If the Web has taught us anything it's that a few well-choosen and ubiquitous naming conventions can take you a long way. While I still believe strongly in the author's right to name, I no longer believe it is a right that outweighs all other considerations. I think that the problems raised by the ID attribute are a case in point--how much poorer would we be if "id" only and always meant "id" if it meant that the id() function always worked as expected?

I have recently gone through similar but distinct exercises: implementing the XTM mergeMap element (in a Java processor [isogen.org]) and implementing as-complete-as-possible XPointer support using XSLT and EXSLT extensions [this site]. In the first case I map bare names in XPointers to "//*[@id='$name']" because the XTM spec defines the name of the ID attribute as "id", so users of my mergeMap resolver would expect bare names to *always* work, even though a strict implementation of XPointer would have them fail when there is no DTD (because bare names in XPointer map to id(), not //*[@id='$name']). Most, if not all, of the sample topic maps I've seen use bare names for in-document references, even when those documents do not have IDs--technically those documents should fail because XTM specifies XPointer and bare-name XPointers map to id(). But it would be what I call "Simon says" behavior to not go ahead and do what all the authors of those topic maps expect [If my mergeMap resolver refused to resolve bare names in the absence of a DTD it would be essentially saying "I didn't resolve those links because you didn't say 'Simon Says'--an unpardonable implementation sin in my book.]

However, in my XPointer implementation, I cannot provide that natural fallback behavior. That means that lots of authors will have to rewrite their pointers from bare names to "//*[@id='name']" in order to make their documents work--that seems wrong and avoidable to me.

But at the same time, the XPointer spec had little choice: it would be wrong for that spec to impose the name "id" on users (XML could do it because it's defining the markup language and individual document types can do it, but an after-the-fact support mechanism like XPointer cannot) and codifying even a standard fallback behavior would potentially lead to subtle, non-intuitive failures (or lack of failure when failure is expected) when 'id' was not in fact an ID attribute in a particular document.

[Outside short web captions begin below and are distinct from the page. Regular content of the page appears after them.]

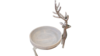 Christmas Silver Reindeer rental in Fort Collins-Loveland, CO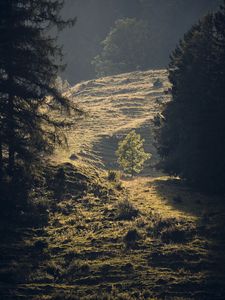 Preview wallpaper trees, forest, glade, landscape, nature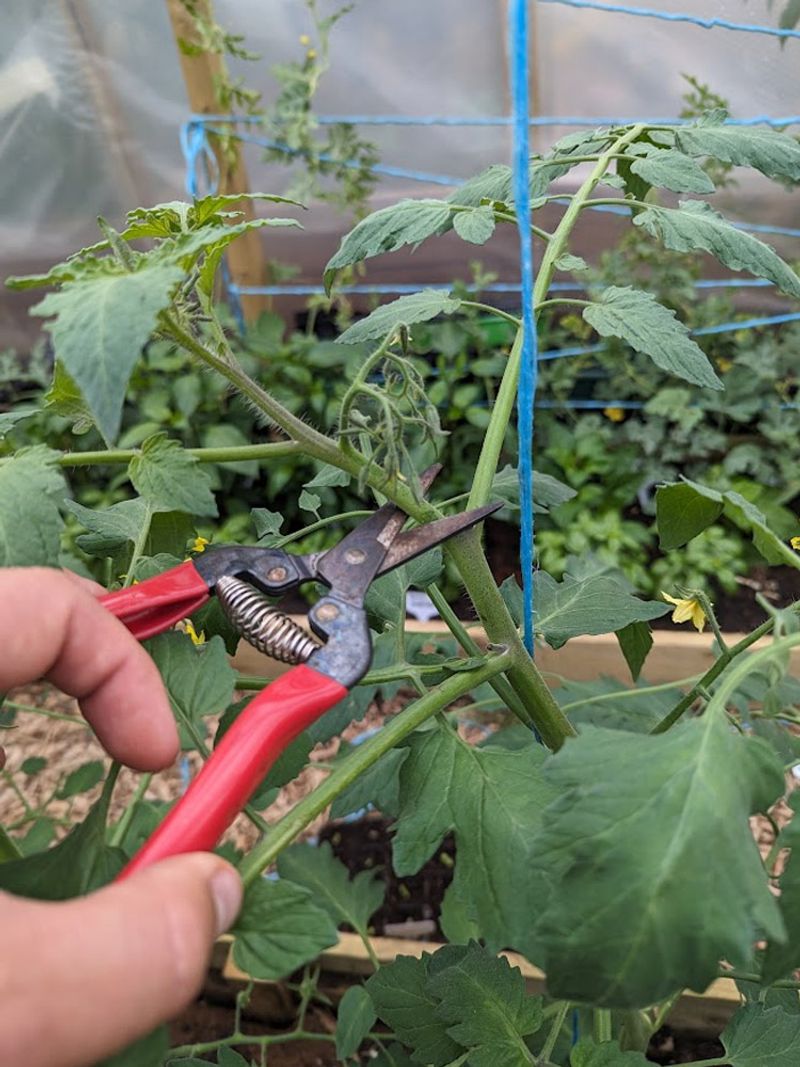 Wait Until Late Season To Redirect Growth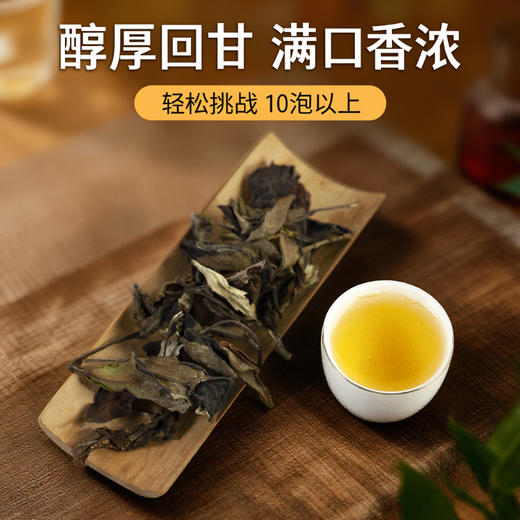 2025年老白茶寿眉贡眉干仓茶叶批发500克云南大叶种白茶 商品图2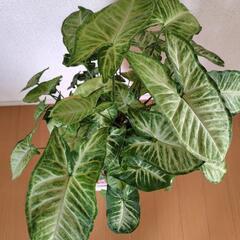 シンゴニウム・ポドフィルム ホワイトの画像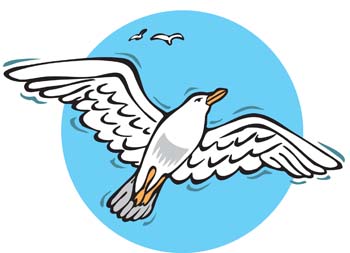 Seagull Graphic - ClipArt Best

I think that the only answer to this problem is for the community of XML users to agree on a convention for IDs and pointers and for it to be codified in XML 2.0 or some such. I would be perfectly happy if "id" always meant "ID" and "href" always meant "URI-based pointer". I think the long-term benefit would far outweigh any cost in constrained naming choices. There will always be specifications like HyTime that provide for complete renaming of everything if you need to step up to that level of flexibilty. I think the current situation represents the worst compromise between ease of use and generality--it doesn't help in the case where you need a simple, consistent solution that is guaranteed to always work and it doesn't provide the flexibility you need because the cost of using it (requiring DTDs with instances) is too high.

XLink exacerbates the problem by fixing the names of the referencing attributes (xlink:href), eliminating choice that might be useful in some cases (for example, in transparently mapping XHTML attributes to XLink semantics). I understand why the XLink committee was hesitant or unwilling to step up to a more general name mapping scheme--it leads to quite a bit of unavoidable complexity, but there are use cases for which it is the only viable solution. [And I remind this audience that the HyTime standard, ISO/IEC 10744:1997, still exists as one solution to the requirement to be able to do unconstrained name remapping if you need it--nobody buys a Swatch Car to haul furniture, but nobody buys a moving truck to commute day-to-day either.]